[Crawled caption data]
------

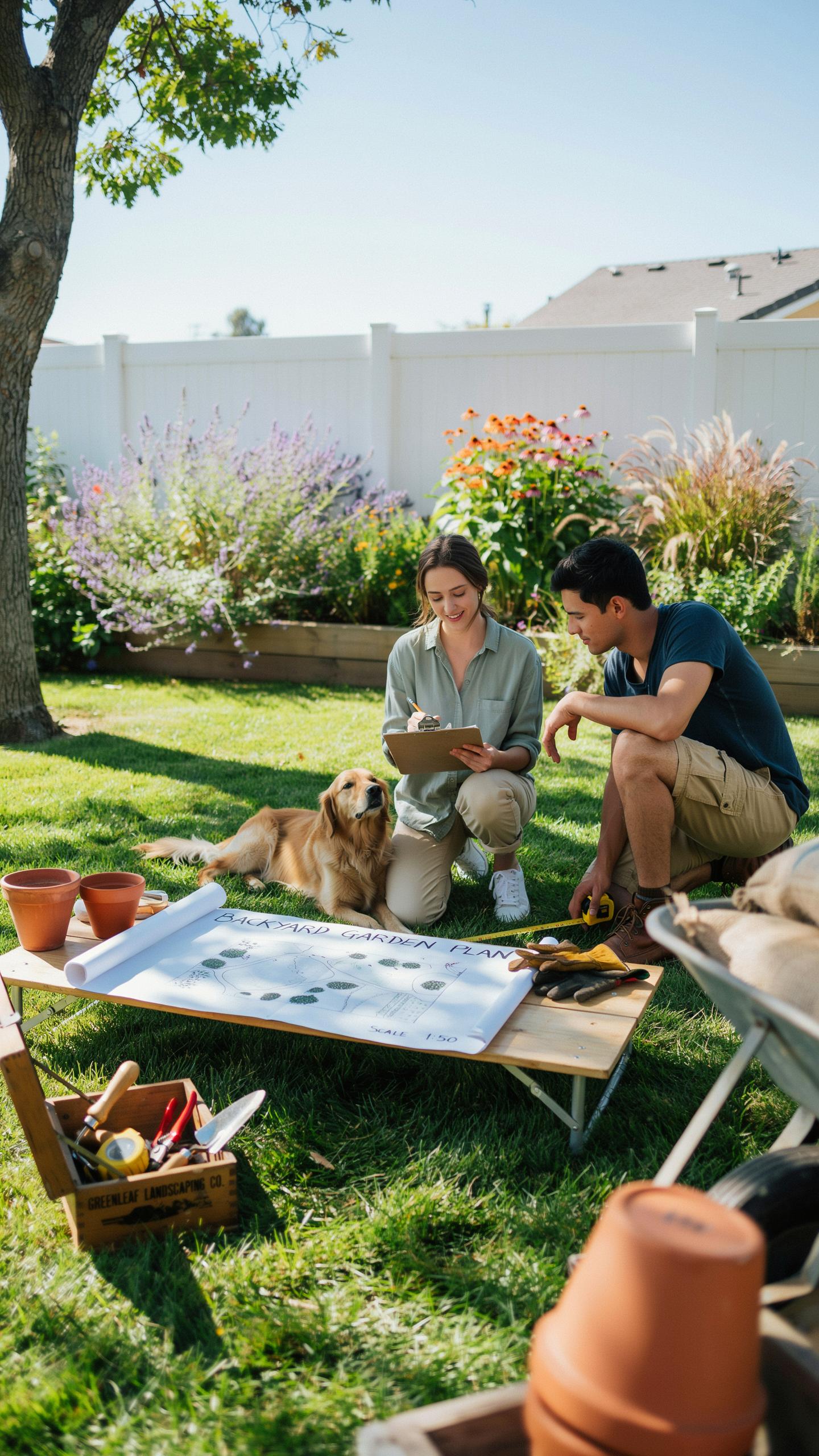 A golden retriever lies beside a kneeling woman holding a clipboard, while a man crouches next to a portable table with gardening supplies, all in a s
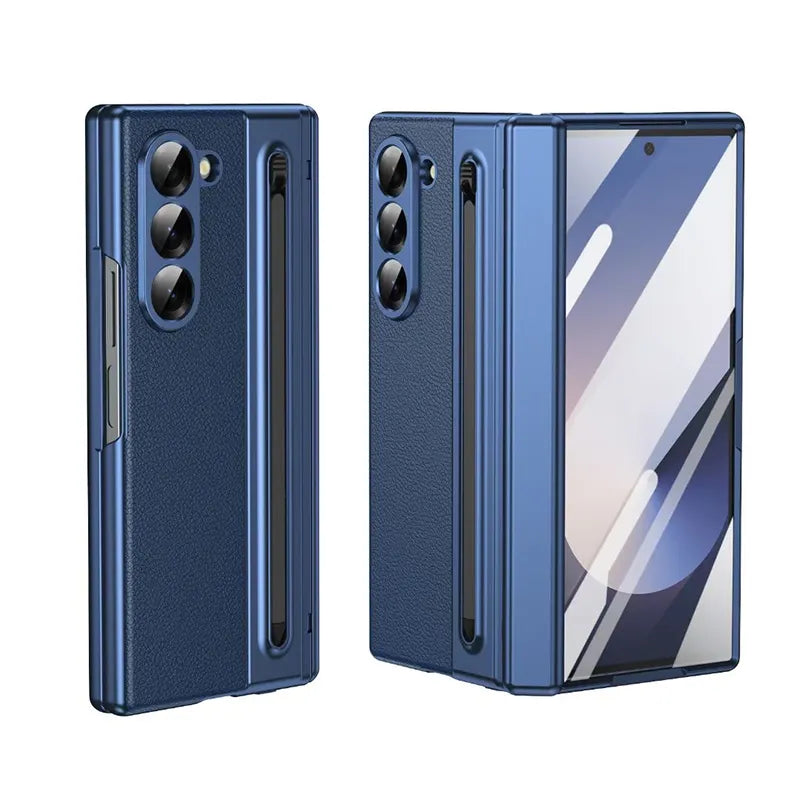 Galaxy Z Fold Series Electroplated PC+PU Leather Folding Phone Case with Front Glass Pen Slot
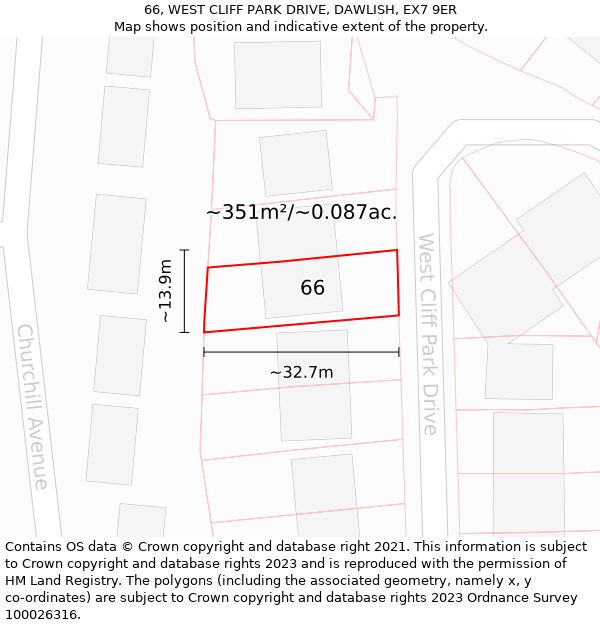 66, WEST CLIFF PARK DRIVE, DAWLISH, EX7 9ER: Plot and title map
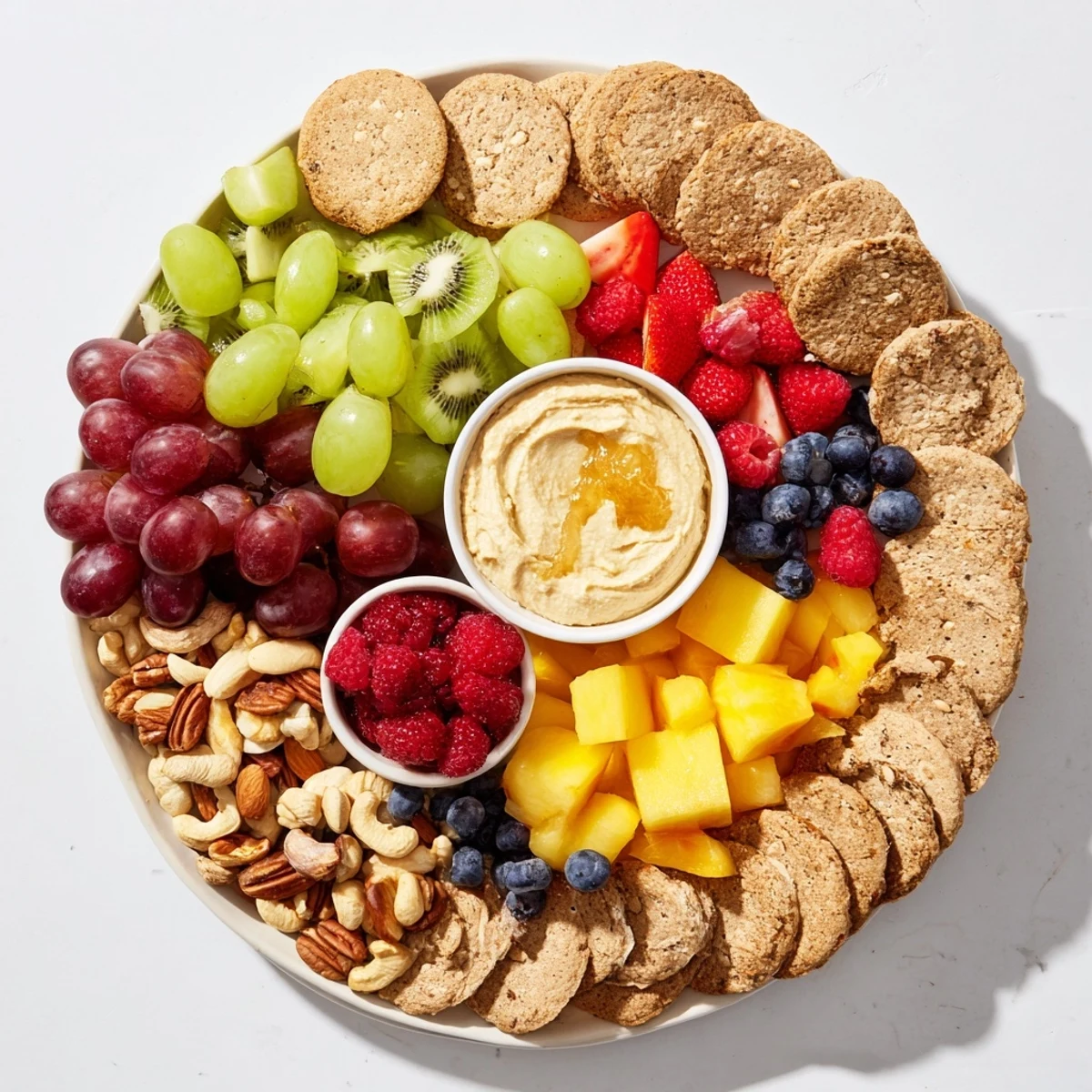 Close-up of The Hidden Oasis, featuring a ring of crackers, nuts, and a central mound of fruits.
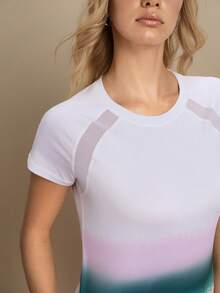 Cheerettes Damska koszulka sportowa z krótkim rękawem i nadrukiem tie-dye w stylu raglan - Wielokolorowe - Zobacz 7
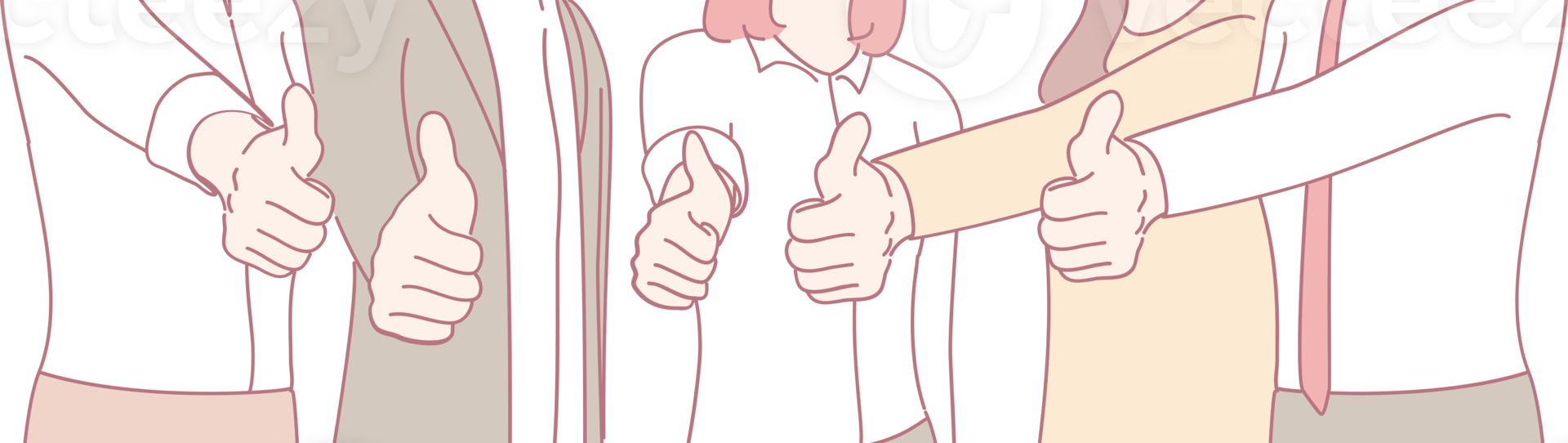 This represents the essence of teamwork and the value of positive feedback symbolized by joined thumbs up png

------

## Directions
From the first line to the last, set down the records above exactly and skip the pictures.

## Answer space
 A golden retriever lies beside a kneeling woman holding a clipboard, while a man crouches next to a portable table with gardening supplies, all in a s
 Galaxy Z Fold Series Electroplated PC+PU Leather Folding Phone Case with Front Glass Pen Slot
 66, WEST CLIFF PARK DRIVE, DAWLISH, EX7 9ER: Plot and title map
 Close-up of The Hidden Oasis, featuring a ring of crackers, nuts, and a central mound of fruits.
 Cheerettes Damska koszulka sportowa z krótkim rękawem i nadrukiem tie-dye w stylu raglan - Wielokolorowe - Zobacz 7
 This represents the essence of teamwork and the value of positive feedback symbolized by joined thumbs up png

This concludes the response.